SOURCE MATERIAL =>
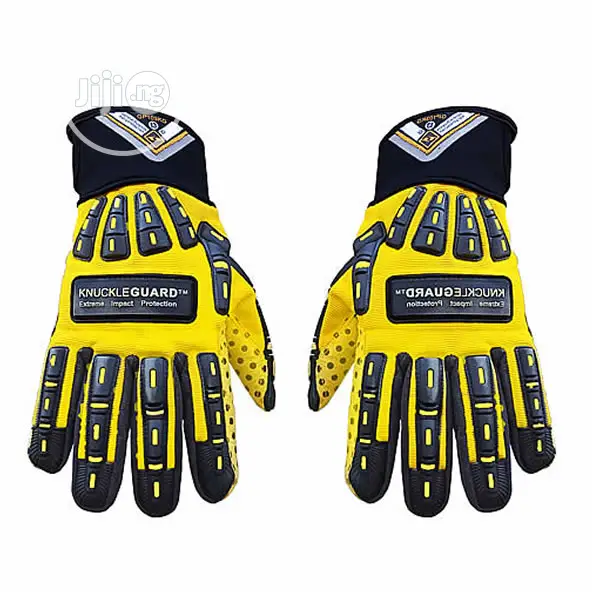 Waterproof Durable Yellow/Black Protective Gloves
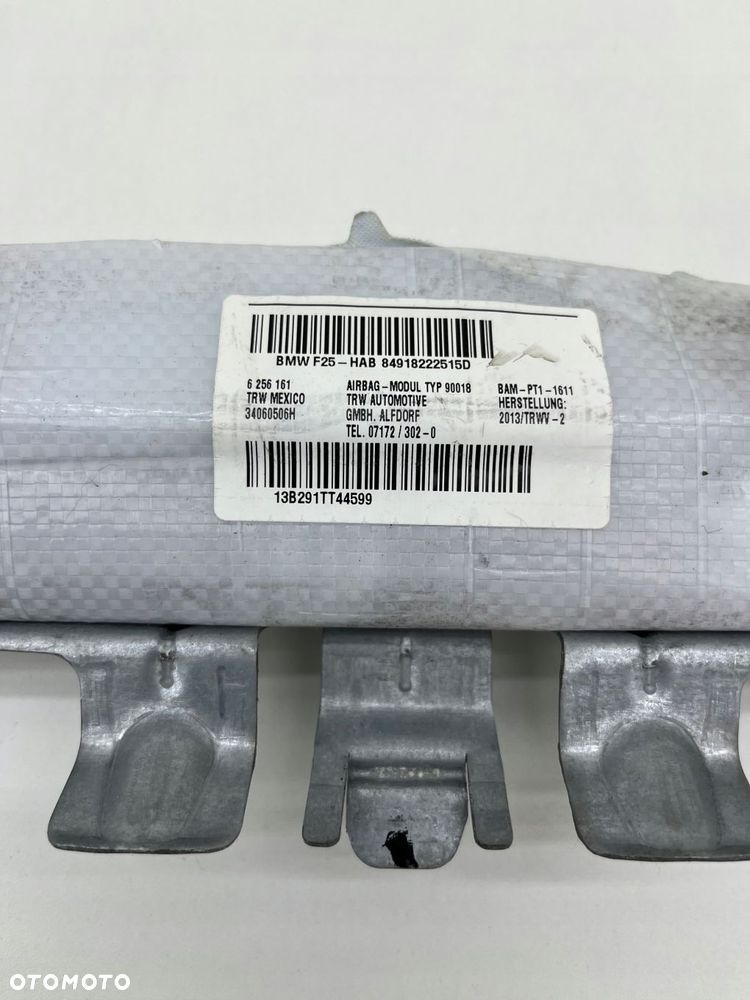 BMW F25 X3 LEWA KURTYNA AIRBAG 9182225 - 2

---

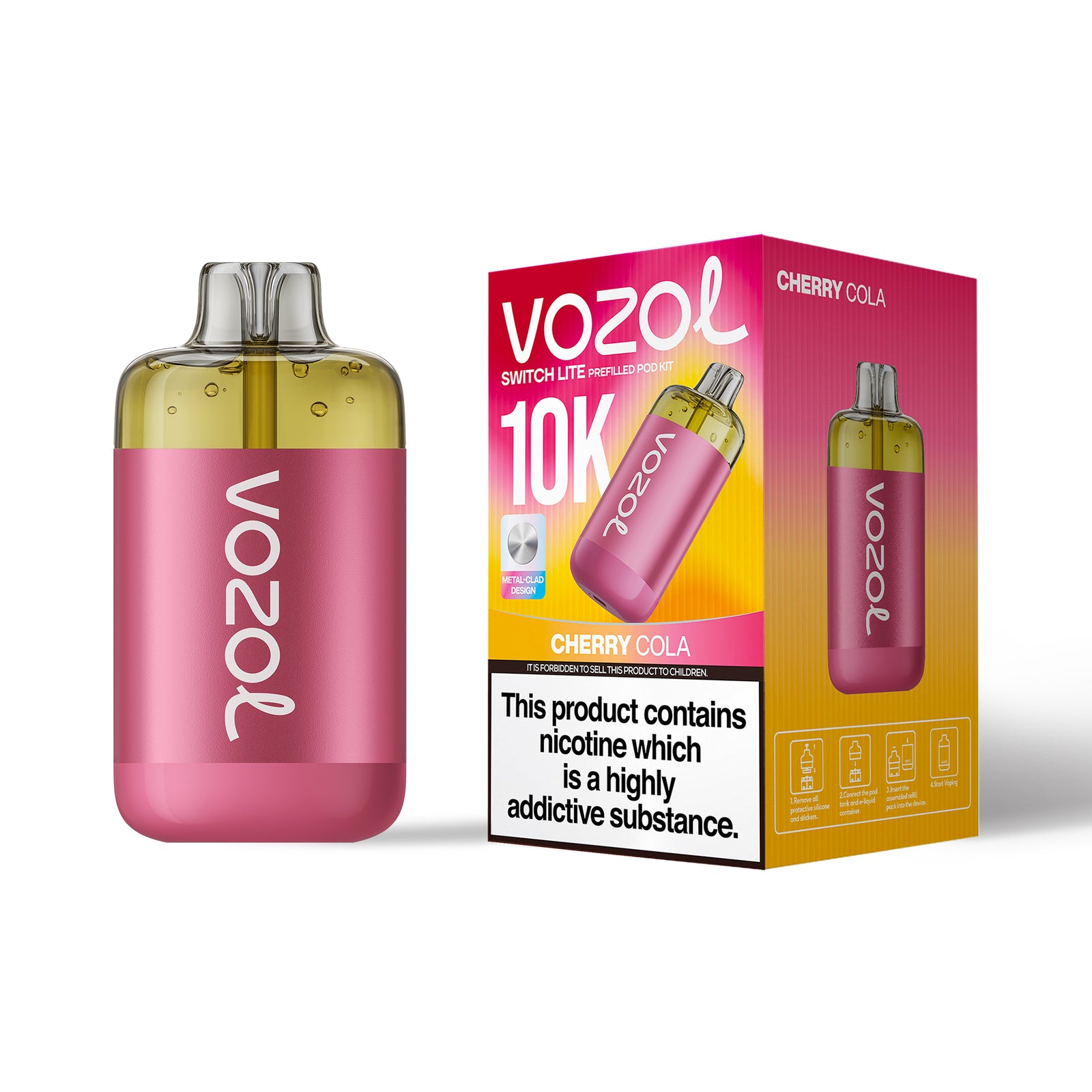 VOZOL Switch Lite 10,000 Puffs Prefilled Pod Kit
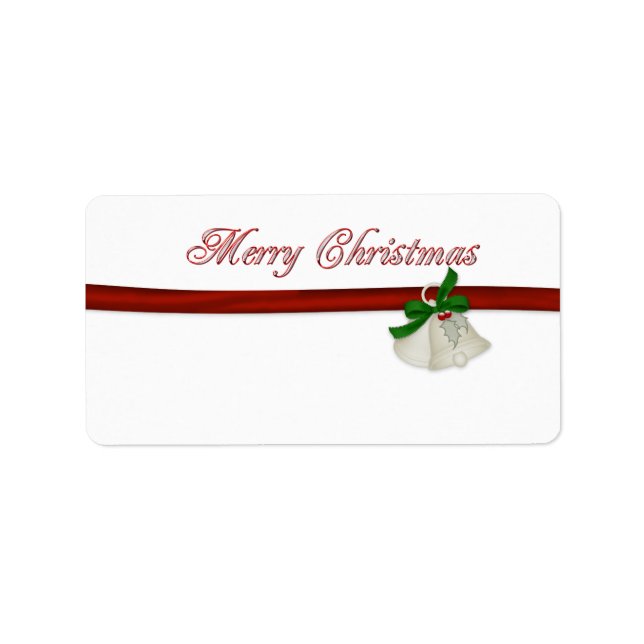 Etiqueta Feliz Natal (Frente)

---

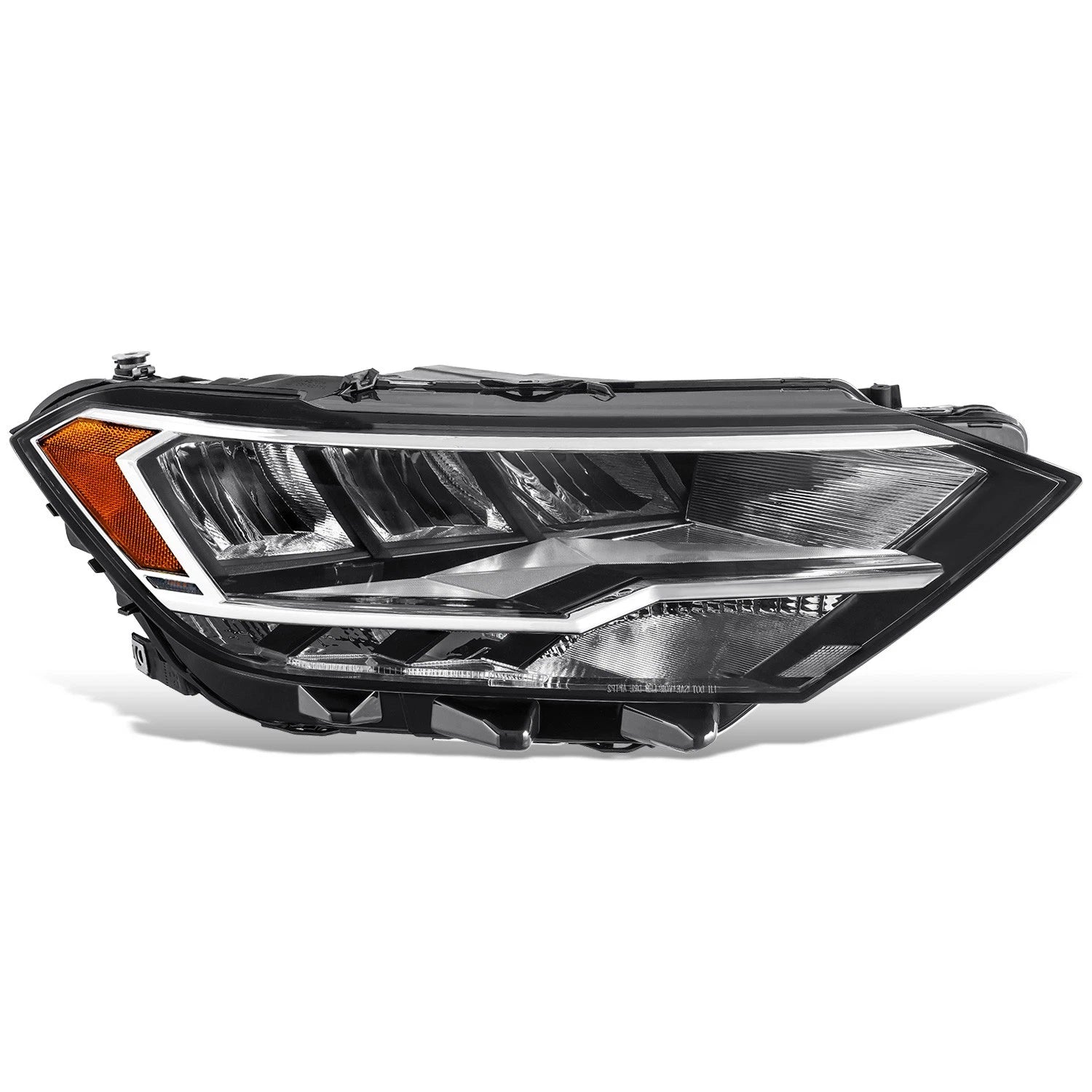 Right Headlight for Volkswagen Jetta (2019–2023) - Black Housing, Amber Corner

WORK ITEM => Reproduce, exactly and only, the lines of the records above starting at the line with "VOZOL Switch Lite" and ending at the line with "Etiqueta Feliz Natal (Frente)", both included. Leave every picture out.

ANSWER TO THIS EXERCISE =>
 VOZOL Switch Lite 10,000 Puffs Prefilled Pod Kit
 Etiqueta Feliz Natal (Frente)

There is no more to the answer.